A Scholar and a Statesman
Written by Pamela Roberts, directed by Carol Leeming
Attenborough Arts Centre 18 June 2017
Review by: Paul Towers, 18 June 2017
'the story of an enigmatic man.'
James Arthur Harley was born in 1873 in Antigua, a West Indian island which has since forged close ties with the UK. Showing incredible ambition for the time he managed to enrol in Howard University in Washington DC before moving to Yale and then to Harvard to study Semitic Languages and thence to Oxford to study first theology and then anthropology. The obvious career path for a man of his intellect was to become an educator of some kind. Instead he decided to join the church and served as a curate in Shepshed before moving to Marshside in Kent with his wife who relocated from Antigua to marry him. Sadly their longed for child died far too early, possibly before or during childbirth, and this seems to have precipitated their eventual separation and his wife?s ultimate return to her family on the Caribbean island. This may also have led to his eventual disillusionment with the church and he returned to Shepshed to serve as a councillor both locally and for the county until his death in 1943.

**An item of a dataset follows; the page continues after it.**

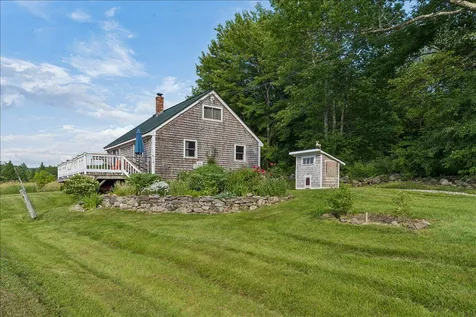 370 Carroll Road Union ME 04862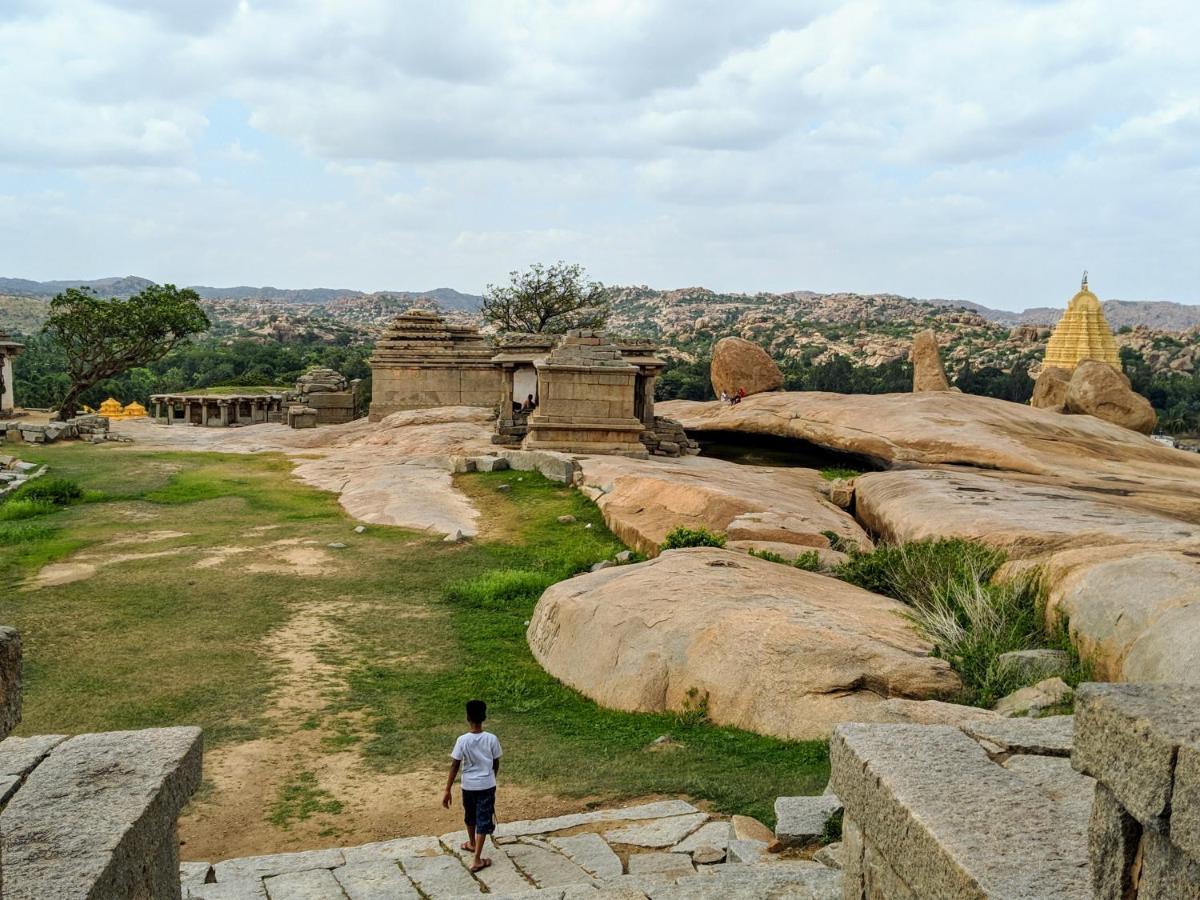 Hotel Varsha Hampi Kültér fotó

Pamela Roberts has taken these bare bones of what is known of this local hero and, through extensive research, has pieced together as much as is possible of this enigmatic man and his lifelong battle against racism.
Directed by local dramaturge Carol Leeming, this staged reading sought to display the written words of the play before an audience for the first time. The cast of 7, some experienced actors, some not so, brought the story to life in the minimal setting of one of the Attenborough Centre's versatile spaces. Led by Corey Trevor as Harley and Mumba Dodwell as his wife Josephine the cast gave spirited readings from the script. It would be very interesting to see this brought to a stage in a full production.